-- What you will do --
Retype the line with "LOFT High-Waist Floral-Print" in it, then each line after it to the end of the data, word for word.

-- Available data --
________________________
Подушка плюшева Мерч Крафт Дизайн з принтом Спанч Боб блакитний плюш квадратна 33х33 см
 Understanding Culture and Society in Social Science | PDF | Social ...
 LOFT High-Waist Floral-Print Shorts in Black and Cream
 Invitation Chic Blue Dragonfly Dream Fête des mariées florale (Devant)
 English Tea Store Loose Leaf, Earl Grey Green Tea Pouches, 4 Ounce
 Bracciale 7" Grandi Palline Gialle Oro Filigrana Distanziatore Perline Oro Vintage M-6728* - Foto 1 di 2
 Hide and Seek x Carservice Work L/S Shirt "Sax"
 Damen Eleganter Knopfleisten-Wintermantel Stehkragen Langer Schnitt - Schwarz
________________________
-- Expected output --
 LOFT High-Waist Floral-Print Shorts in Black and Cream
 Invitation Chic Blue Dragonfly Dream Fête des mariées florale (Devant)
 English Tea Store Loose Leaf, Earl Grey Green Tea Pouches, 4 Ounce
 Bracciale 7" Grandi Palline Gialle Oro Filigrana Distanziatore Perline Oro Vintage M-6728* - Foto 1 di 2
 Hide and Seek x Carservice Work L/S Shirt "Sax"
 Damen Eleganter Knopfleisten-Wintermantel Stehkragen Langer Schnitt - Schwarz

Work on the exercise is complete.